[Recorded data]
>>>

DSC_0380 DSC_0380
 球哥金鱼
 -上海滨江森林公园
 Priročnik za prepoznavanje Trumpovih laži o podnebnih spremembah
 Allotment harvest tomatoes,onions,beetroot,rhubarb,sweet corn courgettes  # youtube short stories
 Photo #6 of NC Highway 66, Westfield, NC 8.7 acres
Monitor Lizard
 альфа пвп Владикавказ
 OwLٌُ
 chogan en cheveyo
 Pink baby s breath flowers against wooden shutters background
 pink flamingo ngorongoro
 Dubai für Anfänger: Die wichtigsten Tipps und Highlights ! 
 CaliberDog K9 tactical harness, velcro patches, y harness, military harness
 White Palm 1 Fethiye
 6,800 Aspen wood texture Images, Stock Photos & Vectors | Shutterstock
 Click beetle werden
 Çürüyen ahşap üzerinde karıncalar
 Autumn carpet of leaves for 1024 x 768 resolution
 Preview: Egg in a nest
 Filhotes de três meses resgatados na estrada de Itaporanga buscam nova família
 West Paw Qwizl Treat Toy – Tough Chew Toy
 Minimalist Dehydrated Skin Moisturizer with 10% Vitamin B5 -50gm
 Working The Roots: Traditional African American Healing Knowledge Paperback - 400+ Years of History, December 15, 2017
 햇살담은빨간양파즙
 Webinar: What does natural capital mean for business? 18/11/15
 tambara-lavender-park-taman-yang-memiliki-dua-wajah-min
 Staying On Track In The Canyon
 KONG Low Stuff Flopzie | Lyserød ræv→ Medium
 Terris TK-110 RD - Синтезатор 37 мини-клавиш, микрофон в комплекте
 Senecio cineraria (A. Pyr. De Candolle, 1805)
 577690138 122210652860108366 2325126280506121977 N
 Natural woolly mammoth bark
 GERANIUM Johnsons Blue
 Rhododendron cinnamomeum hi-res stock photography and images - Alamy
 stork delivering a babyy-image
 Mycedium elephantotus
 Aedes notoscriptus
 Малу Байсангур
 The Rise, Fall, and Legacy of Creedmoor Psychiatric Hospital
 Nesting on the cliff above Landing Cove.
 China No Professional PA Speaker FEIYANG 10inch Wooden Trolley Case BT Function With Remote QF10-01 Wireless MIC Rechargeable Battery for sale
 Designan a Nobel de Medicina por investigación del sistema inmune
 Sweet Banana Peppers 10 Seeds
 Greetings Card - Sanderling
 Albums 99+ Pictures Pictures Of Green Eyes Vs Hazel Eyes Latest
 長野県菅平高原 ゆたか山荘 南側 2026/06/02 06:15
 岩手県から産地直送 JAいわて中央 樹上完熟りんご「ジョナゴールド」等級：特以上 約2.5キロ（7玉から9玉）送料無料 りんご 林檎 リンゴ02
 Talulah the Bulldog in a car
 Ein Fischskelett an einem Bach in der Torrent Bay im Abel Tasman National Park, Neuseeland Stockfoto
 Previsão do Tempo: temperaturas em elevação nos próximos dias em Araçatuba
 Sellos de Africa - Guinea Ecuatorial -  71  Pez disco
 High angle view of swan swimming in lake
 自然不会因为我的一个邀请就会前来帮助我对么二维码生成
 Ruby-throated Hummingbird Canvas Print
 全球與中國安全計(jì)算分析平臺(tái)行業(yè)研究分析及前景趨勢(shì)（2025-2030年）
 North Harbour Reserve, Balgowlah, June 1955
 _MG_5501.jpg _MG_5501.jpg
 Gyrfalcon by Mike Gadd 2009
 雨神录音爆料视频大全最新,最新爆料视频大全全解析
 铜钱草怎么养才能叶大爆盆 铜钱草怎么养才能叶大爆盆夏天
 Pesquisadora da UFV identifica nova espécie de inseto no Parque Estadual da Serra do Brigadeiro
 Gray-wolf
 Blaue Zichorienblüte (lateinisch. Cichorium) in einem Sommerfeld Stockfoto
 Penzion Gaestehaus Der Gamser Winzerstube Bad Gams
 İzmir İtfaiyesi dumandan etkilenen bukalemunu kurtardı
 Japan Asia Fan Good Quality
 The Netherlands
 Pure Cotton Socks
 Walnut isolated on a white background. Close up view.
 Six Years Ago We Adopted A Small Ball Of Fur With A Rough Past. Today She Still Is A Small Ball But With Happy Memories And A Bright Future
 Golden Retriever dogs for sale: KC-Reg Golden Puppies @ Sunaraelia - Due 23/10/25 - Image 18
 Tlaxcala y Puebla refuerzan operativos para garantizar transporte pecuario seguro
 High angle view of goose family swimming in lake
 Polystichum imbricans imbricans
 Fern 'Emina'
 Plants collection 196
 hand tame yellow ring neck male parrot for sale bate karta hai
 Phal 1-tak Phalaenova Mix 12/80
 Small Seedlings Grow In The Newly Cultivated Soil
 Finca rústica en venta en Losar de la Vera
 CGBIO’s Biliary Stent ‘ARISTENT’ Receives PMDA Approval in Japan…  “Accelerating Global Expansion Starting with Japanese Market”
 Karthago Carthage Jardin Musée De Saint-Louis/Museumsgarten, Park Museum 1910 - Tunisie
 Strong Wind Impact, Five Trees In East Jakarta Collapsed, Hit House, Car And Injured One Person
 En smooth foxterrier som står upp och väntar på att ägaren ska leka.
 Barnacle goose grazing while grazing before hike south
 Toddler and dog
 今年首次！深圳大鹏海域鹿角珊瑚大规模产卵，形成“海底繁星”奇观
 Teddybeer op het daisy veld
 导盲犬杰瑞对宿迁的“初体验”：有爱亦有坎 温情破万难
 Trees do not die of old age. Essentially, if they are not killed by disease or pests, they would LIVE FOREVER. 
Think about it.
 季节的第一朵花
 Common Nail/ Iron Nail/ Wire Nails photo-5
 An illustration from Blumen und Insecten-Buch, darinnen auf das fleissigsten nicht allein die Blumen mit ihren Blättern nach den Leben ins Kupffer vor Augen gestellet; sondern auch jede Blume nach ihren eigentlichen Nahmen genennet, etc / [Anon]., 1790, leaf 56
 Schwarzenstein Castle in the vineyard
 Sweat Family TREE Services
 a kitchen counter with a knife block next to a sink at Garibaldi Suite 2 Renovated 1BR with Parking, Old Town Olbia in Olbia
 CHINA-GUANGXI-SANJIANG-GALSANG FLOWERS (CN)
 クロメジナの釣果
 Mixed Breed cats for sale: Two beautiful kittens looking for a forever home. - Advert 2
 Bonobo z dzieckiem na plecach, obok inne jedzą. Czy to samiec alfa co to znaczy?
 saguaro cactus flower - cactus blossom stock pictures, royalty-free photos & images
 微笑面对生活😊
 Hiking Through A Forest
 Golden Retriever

<<<

● **WHAT IS NEEDED**
Filter the entries by the string "angle" and copy each matching line.

● **SOLVED EXERCISE**
 High angle view of swan swimming in lake
 High angle view of goose family swimming in lake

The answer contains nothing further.